Five Rules Worth Adopting Immediately

By now you may have read that the Congressman from Georgia's 10th District, Paul Broun, has compared Barack Obama to Adolf Hitler:
"We can't be lulled into complacency. You have to remember that Adolf Hitler was elected in a democratic Germany. I'm not comparing him (Obama) to Adolf Hitler. What I'm saying is there is the potential of going down that road."
If you have missed this item, you may find editorials about it here and here. The Congressman has evidently apologized. Good for him; but I am here to suggest we all immediately adopt the five following rules (stolen from this Joe Posnanski's blog):
Rule 1: It is never a good idea to invoke the name of Hitler to make any unrelated point.
Rule 2: However, if you plan to bring up Hitler in historical context, see Rule 1.
Rule 3: In certain rare cases, when you are interested in using Hitler to prove a larger truth, see Rule 1.
Rule 4: The one exception to this is … See Rule 1.
Rule 5: Yeah. Rule 1. Always.
Joe Posnanski was writing about a quote from college football analyst Lou Holtz. It was a pretty stupid quote.

But here is the thing: you always look pretty stupid when you are use Hitler in any kind of comparison - unless you are comparing genocidal despots. If you cannot get your point across that idea/person "X" is bad/evil/sucks, then punt. Or set your head on fire.
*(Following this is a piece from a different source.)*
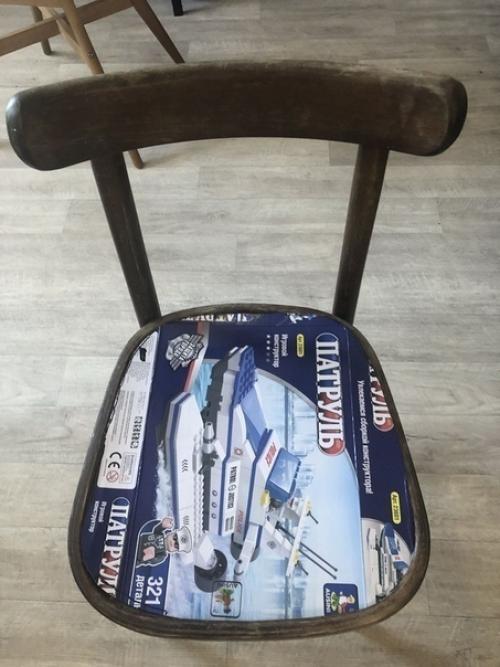 Вот люблю реставрировать старую мебель. 04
Or something else less dramatic than saying "he's/its like Hitler".

And Congress Broun, when you apologized for your comments why did you have to say, "I apologize to anyone who has taken offense at that." Anyone? That would be basically everyone on the planet; some will certainly have cause to be offended more than others - but really, you caught everyone with that zinger. Please see Rules 1 through 5 and apply immediately.